Am Sonntag scheint sich das Blatt endlich gewendet zu haben. Zwei der vier Hauptpreise gehen an Frauen. Kacey Musgraves holt mit «Golden Hour» die Trophäe für das beste Album, Dua Lipa wird beste neue Künstlerin. Cardi B gewinnt mit «Invasion of Privacy» als erste weibliche Solo-Künstlerin den Grammy für das beste Rap-Album, H.E.R. gewinnt die ersten beiden Grammys ihrer Karriere. Fans auf Twitter jubeln, andere meinen: Wurde aber auch höchste Zeit. Vor dem Auftritt von Rapperin Cardi B, die umgeben von 24 Tänzerinnen «Money» singt, ruft Keys ihr zu: «Girl, get it!» Soll in etwa heißen: «Mädchen, schnapp› es dir!»
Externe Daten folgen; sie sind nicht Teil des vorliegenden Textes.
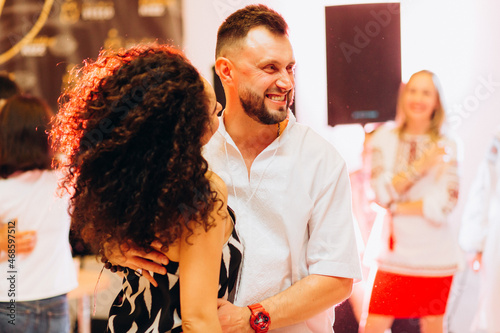 Kharkiv, Ukraine 17.08.21 People dancing salsa on the dance floor photo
Ein Jahr ist es her, dass – wie in Vorjahren – die große Mehrzahl der Preise an Männer oder von Männern geführte Bands ging und Männer auch viel häufiger auf der Bühne zu sehen waren als Frauen. Die Gala der 61. Verleihung war nun eine überfällige 180-Grad-Wende: Männliche Stars wie Shawn Mendes, Travis Scott und Rapper Post Malone samt der Red Hot Chilli Peppers wirken wie eingestreut. Quer durch die musikalischen Genres beherrschen Frauen den Abend.

Die doppelte und dreifache Last

Da ist Janelle Monáe, die mit ihrem Moonwalk zu «Make Me Feel» den Saal elektrisiert und am Ende des Songs eiskalt ihr Mikrofon fallen lässt. Da ist Ariana Grande, die nach einem Streit über Planungen ihren Auftritt absagte, aus dem Off aber trotzdem Fotos von sich im Abendkleid postet und dann – ohne anwesend zu sein – den ersten Grammy ihrer Karriere gewinnt.
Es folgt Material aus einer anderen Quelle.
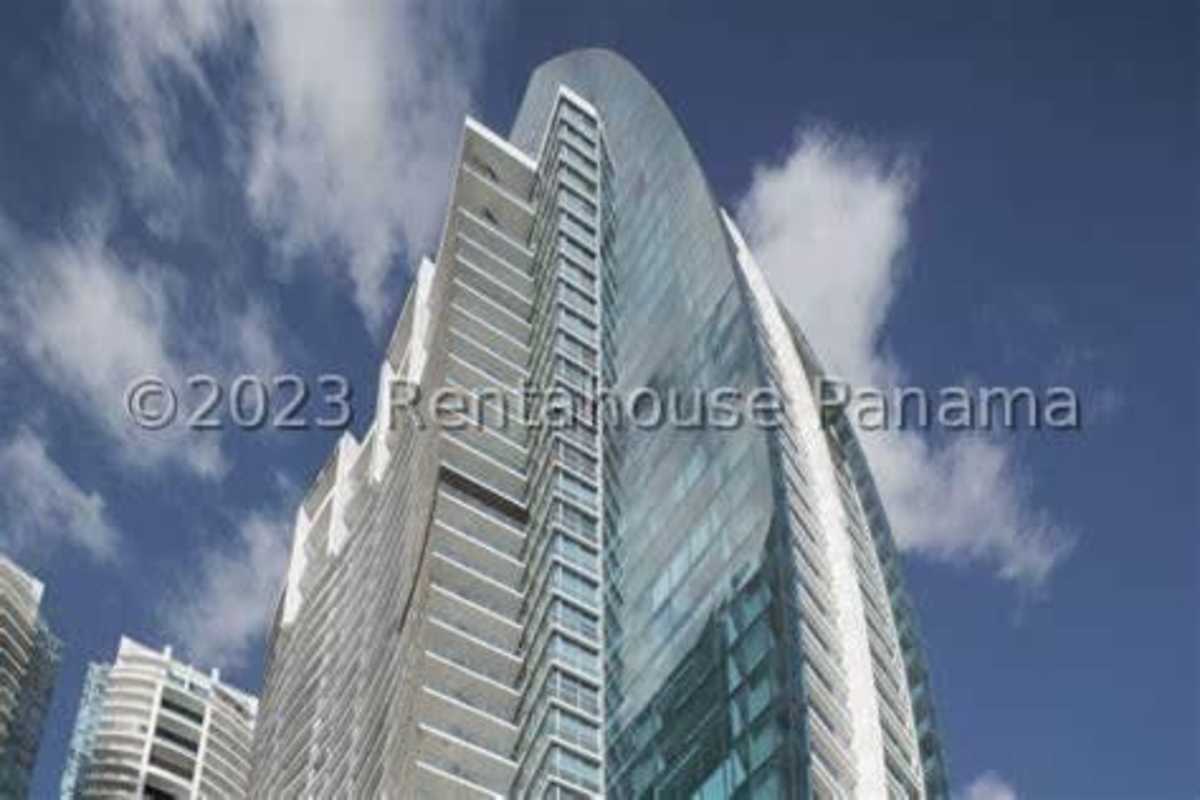 Bright living room with floor-to-ceiling windows open to ocean view balcony PH Aqualina Panama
Nachdem zum Auftakt die ehemalige First Lady der Politik auf der Bühne stand, folgen bald die First Lady des R&B (Diana Ross) und die First Lady des Country (Dolly Parton). Über Genres und Generationen soll die Botschaft starker Frauen greifen, als Parton (73) ihre Hits mit Katy Perry (34), Kacey Musgraves (30) und Miley Cyrus (26) singt.
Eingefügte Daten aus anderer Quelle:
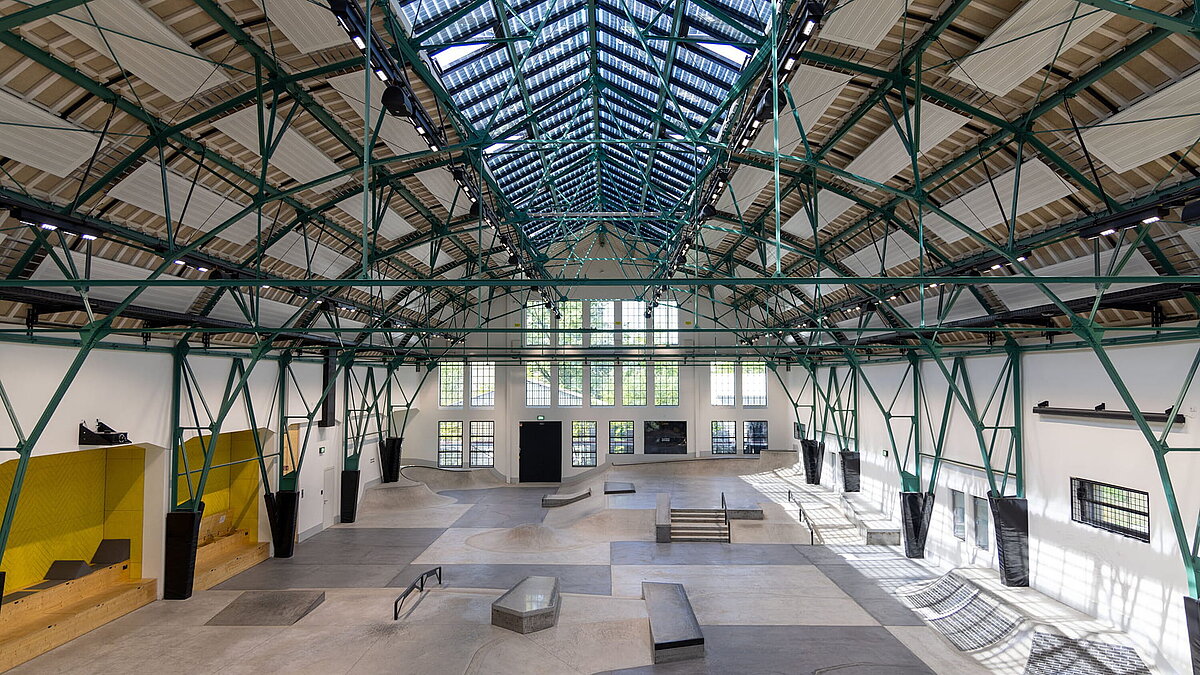 Interior of a former industrial hall with LAMILUX PR60 glass roof and integrated skatepark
Am besten fasst Cardi B die doppelte und dreifache Last vieler Frauen in der Musikindustrie zusammen, nachdem sie mit massivem schwarzem Pfauenschwanz eine Edel-Version von «Money» gerappt hat und einen Grammy in der Hand hält. Trotz ihrer Schwangerschaft habe sie «Invasion of Privacy» schnell fertigstellen müssen, sagt Cardi B. Es habe geheißen: «Wir müssen dieses Album abschließen, damit wir die Videos drehen können, während man den Bauch noch nicht sieht.»

 


Die Gewinner

In Los Angeles sind in der Nacht zum Montag zum 61. Mal die Grammys verliehen worden, die als begehrteste Musikpreise der Welt gelten. Über die Gewinner in den insgesamt 84 Kategorien haben rund 13 000 Experten aus der Musikbranche entschieden. Eine Auswahl der Preisträger:

  • Album des Jahres: Kacey Musgraves – «Golden Hour»
  • Aufnahme des Jahres: Childish Gambino – «This Is America»
  • Song des Jahres: Childish Gambino – «This Is America»
  • Bester Newcomer: Dua Lipa
  • Beste Pop-Solo-Performance: Lady Gaga – «Joanne»
  • Beste Pop-Duo-Performance: Lady Gaga und Bradley Cooper – «Shallow»
  • Bestes Popgesangs-Album: Ariana Grande – «Sweetener»
  • Bestes traditionelles Popgesangs-Album: Willie Nelson – «My Way»
  • Bestes Dance-/Electronic-Album: Justice «Woman Worldwide»
  • Bestes Rock-Album: Greta Van Fleet – «From the Fires»
  • Bestes Rap-Album: Cardi B – «Invasion of Privacy»
  • Bester R&B-Song: Ella Mai – «Boo’d Up»
  • Bestes zeitgenössisches Album: The Carters – «Everything is Love»
Garde-fou
12. Februar 2019 - 14.14

Leider zeigt sich an sehr vielen Stellen dass wir noch einen weiten Weg und viele Kämpfe vor uns haben: soziale Gerechtigkeit, Tierschutz und einen halbwegs humanen Umgang mit Zuchtvieh und Zuchtpflanzen (um es mal gelinde und politisch korrekt auszudrücken), Klimaschutz usw. Deshalb haut mich so ein "Erfolg" wie dieser hier leider nicht vom Hocker: man sollte sich nicht auf den (falschen) Lorbeeren ausruhen -> es gibt noch viel zu tun...

Cornichon
11. Februar 2019 - 9.36

"Wir müssen dieses Album fertig machen, während man den Bauch noch nicht sieht." sagt eigentlich alles aus über die Musik von heute.